Portraying auctoritas: the humanist context of Cremona and Bologna Prior to her arrival in Spain, Sofonisba Anguissola had painted portraits of various celebrated individuals of the day which demonstrate her early fame and her gifts in a genre in which Venetian and Lombard influences are clearly evident. With the exception of the portrait of the young Massimiliano Stampa, whose image publicly declares his new status as Marquis of Soncino and which reveals the influence on Anguissola of Giovanni Battista Moroni (ca.1525-1578), in all her other portraits the sitters are seated.

Lavinia Fontana opted for this same typology twenty years later in order to portray artists, lawyers, doctors, humanists and clerics. Seated before a desk and shown engaged in intellectual activity (reinforced by the rhetorical gesture of their hands and their lively gazes), the subjects depicted by the two artists reflect a concept fundamental to this period: their auctoritas, meaning the moral and civic prestige attributable to them through their knowledge and dedication.

Sofonisba Anguissola at the court of Philip II
During the years that she spent at the Spanish court Sofonisba Anguissola occupied the role of teacher of drawing and painting to Isabel de Valois while also executing portraits of almost all the members of the royal family.

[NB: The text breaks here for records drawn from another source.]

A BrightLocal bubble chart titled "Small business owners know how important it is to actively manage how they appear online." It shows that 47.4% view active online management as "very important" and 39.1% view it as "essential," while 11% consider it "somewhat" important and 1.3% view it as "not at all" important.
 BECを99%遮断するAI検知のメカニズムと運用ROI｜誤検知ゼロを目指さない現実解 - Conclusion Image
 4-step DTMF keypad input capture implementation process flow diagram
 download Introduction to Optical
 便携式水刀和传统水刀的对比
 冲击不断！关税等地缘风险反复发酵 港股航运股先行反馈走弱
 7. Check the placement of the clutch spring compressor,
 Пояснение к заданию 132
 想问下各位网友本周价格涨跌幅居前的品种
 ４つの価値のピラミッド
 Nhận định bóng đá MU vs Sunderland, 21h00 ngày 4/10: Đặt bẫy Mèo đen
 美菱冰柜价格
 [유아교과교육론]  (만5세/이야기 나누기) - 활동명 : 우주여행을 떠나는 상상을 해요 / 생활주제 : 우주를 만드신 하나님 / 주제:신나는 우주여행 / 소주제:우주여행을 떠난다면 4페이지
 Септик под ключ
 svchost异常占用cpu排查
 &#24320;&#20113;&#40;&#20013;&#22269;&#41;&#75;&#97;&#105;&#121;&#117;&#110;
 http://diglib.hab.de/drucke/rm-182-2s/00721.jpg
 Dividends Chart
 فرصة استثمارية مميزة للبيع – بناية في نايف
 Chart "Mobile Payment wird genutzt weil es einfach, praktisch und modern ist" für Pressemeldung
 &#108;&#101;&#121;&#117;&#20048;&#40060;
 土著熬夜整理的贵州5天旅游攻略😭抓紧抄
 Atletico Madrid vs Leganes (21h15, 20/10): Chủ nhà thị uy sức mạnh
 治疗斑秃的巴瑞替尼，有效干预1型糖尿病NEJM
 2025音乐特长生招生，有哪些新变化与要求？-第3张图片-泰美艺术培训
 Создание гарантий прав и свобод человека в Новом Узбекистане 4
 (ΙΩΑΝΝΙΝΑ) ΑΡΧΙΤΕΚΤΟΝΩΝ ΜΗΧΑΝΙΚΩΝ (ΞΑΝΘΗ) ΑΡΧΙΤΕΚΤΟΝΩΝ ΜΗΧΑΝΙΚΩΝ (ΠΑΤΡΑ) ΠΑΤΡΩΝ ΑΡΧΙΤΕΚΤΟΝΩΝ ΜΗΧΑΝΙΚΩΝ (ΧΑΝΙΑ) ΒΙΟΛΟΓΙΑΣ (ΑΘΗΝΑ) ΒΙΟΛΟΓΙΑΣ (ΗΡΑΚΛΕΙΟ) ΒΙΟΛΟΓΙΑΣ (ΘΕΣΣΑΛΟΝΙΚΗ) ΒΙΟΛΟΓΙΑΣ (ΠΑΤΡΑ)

None of the portraits that she produced in Spain are signed. Anguissola’s official position at court was not that of painter and she was in fact “paid” for her works in the form of costly textiles and jewels. The portraits now attributed to her reveal the way in which she adapted her art to the conventions of the Spanish court portrait.

At this date the most important painter at court was Alonso Sánchez Coello (ca.15311588), “portraitist to the King”, who established the conventions of the court portrait. In addition to the sitter’s physical features these images had to express the family’s dynastic status and its virtues: the Habsburg distance, serenity and severity.

Anguissola followed these criteria but tempered them through her own artistic background and concerns: an interest in a meticulous description of details; a psychological perception that tempers the distance and restraint characteristic of the Spanish Habsburgs; and an all-enveloping and filtered light which softens the figures’ outlines.

Lavinia Fontana: a Bolognese portraitist
In Bologna and subsequently in Rome, Lavinia Fontana primarily devoted her activities to portraiture, a genre in which she was notable for the variety of typologies she employed.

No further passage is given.